ABOVE: Alice Dunnigan (left) and Ethel Payne (right)
Alice Dunnigan, a southern-born granddaughter of slaves, and Ethel Payne, the renowned “First Lady of the Black Press,” received posthumous honors recently during the annual White House Correspondents’ Dinner.
Ethel Payne, the crusading globetrotting journalist, was my friend and mentor. When she made her entrance into journalism in the 1950s, the doors for her to achieve acclaim as a war correspondent and global activist were closed. She had to knock them down as she became one of the first Black women to be credentialed as a White House correspondent.
Payne first received public acclaim when as a host for the Army Special Services in Korea in 1950, she began writing about how Black troops were segregated in the U.S. Army even after President Eisenhower, issued an order to desegregate. She reported how Black troops were sent into battle without proper training which led to high casualties among them. For her reporting about the conditions there and the flaunting of a presidential order, top U.S. government officials accused her of disrupting the morale of the troops. She had opened a can of worms.
As a reporter for the Chicago Daily Defender, known as the Blacks’ fighting machine, for three decades, beginning in 1951, she continued her activism as a White House correspondent, often irritating President Eisenhower. When the GOP invited choirs from Duke, Emory, and Howard to participate in its annual Lincoln Day celebration, the Howard choir arrived but were turned back. Payne critically raised the issue at a White House press conference, which so angered the President, that the flack made the New York Times. And after that, people were asking, ‘Who is that Black woman?’ She was also a commentator on national radio, but her heart was always with the Black press and from that platform launched her to become one of the most trusted voices and viewpoints in America.
During her 30-year career at the Defender, she traveled with presidents and heads of state, filing important stories about African countries achieving liberation, such as Ghana in 1957, covered the Vietnam War, and worked to show the parallels with South Africa apartheid and segregation in the USA.
It was never lost on her that she sprang from humble beginnings.
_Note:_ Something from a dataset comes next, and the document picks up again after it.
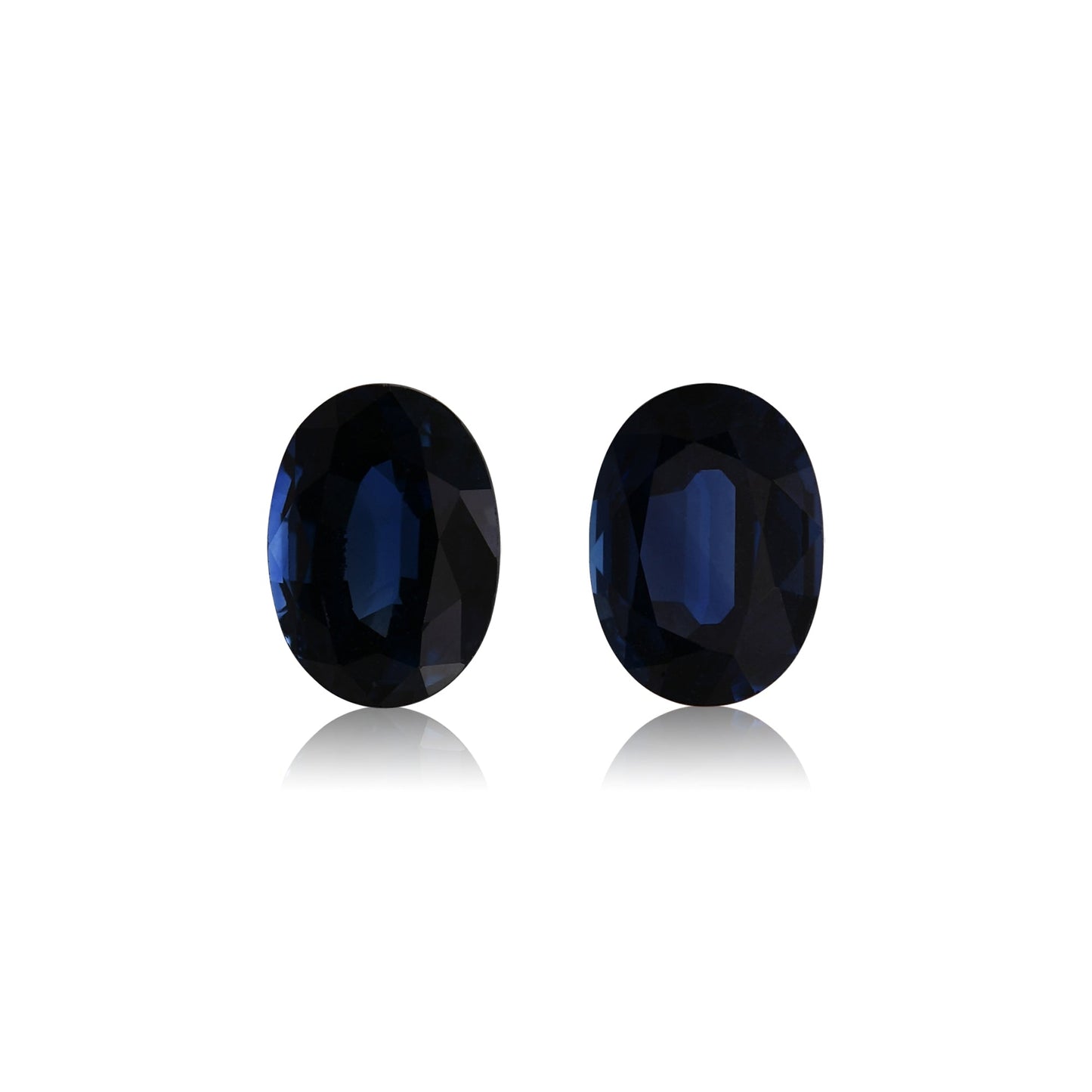 2,24 Karat blauer ovaler thailändischer Saphir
Born in 1911 in Chicago, her father was a Pullman Porter, but died young, leaving Ethel’s mother with six children to raise mostly on the salary of a domestic worker. She and the family worked and struggled together. “I worked in white folks’ kitchens, I did factory piecework, anything to keep us together.” She eventually attended Northwestern University, taking journalism courses, and recognized she had a flair for writing. She said she saw her role as an advocate for the weak, and that is how she used her talent. “Until I close my eyes, I am going to be involved,” she told me.
Payne befriended me when I became one of the first Black women to cover the White House for the White Press. She saw that most of the white Colleagues I worked with resented and hindered me, rather than helped me and she came to my rescue and mentored me. In 1975, when I received death threats after writing an unflattering book about a popular civil rights leader, she, and other Black journalists, such as Vernon Jarrett, called a press conference, defending my first amendment right to report and write my own truths. The threats ceased.
She was the Grand Dame of journalism, having exquisite dinner parties at her home, where she served up news tips and wisdom, along with her salacious menus. I was honored to be one of the journalists who worked with Fisk University to establish a professorship in her name, where she published her book in 1979, entitled ‘Roots, Rewards and Renewal’ – a study of Black colleges. The Ethel L. Payne U.S. postal stamp was issued on September 14, 2002.
As someone soon to be 80 years old, her thoughts on aging, I still hold dear. “Age is not a handicap. Age is nothing but a number. It is how you use it.” She also shared with me the three words she wanted to pass on to future generations: “agitate, agitate and agitate.”